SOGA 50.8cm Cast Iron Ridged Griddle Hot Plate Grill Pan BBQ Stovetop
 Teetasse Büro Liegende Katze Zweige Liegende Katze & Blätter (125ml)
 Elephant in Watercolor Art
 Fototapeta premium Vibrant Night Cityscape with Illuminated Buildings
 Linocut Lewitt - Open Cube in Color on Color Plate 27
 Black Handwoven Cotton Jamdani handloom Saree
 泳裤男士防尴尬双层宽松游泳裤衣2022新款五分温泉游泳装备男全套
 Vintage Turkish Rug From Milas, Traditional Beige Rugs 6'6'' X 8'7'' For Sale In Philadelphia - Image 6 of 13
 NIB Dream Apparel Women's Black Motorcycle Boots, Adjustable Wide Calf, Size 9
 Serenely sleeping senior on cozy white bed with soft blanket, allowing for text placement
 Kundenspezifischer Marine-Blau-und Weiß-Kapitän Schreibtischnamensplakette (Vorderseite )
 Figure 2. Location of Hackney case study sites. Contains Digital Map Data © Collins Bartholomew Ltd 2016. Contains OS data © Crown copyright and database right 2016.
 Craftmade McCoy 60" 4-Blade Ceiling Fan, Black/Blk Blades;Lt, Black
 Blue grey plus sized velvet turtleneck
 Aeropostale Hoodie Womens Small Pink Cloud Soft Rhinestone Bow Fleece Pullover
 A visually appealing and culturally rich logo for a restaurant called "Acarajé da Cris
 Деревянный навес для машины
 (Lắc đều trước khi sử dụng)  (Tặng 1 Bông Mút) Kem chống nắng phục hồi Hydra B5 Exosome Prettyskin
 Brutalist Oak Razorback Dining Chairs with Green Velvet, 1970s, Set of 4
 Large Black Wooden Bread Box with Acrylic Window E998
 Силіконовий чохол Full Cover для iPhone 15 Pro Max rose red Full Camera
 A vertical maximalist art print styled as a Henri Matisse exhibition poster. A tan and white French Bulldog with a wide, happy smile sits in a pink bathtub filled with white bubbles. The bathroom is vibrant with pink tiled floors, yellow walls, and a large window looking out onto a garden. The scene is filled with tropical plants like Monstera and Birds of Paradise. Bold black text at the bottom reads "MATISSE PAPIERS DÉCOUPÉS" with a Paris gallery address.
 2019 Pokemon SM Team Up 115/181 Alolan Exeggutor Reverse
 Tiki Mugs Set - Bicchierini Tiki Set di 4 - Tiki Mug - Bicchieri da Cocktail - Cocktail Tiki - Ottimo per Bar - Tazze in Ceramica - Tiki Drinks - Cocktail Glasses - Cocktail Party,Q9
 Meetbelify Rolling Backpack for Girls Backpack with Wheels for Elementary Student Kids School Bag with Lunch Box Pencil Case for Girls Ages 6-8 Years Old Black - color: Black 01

----

In the entries above, find the line holding "A visually appealing" and the line holding "Силіконовий чохол Full", then retype exactly those two lines and every line between them, and nothing else.

**EXPECTED OUTPUT:**
 A visually appealing and culturally rich logo for a restaurant called "Acarajé da Cris
 Деревянный навес для машины
 (Lắc đều trước khi sử dụng)  (Tặng 1 Bông Mút) Kem chống nắng phục hồi Hydra B5 Exosome Prettyskin
 Brutalist Oak Razorback Dining Chairs with Green Velvet, 1970s, Set of 4
 Large Black Wooden Bread Box with Acrylic Window E998
 Силіконовий чохол Full Cover для iPhone 15 Pro Max rose red Full Camera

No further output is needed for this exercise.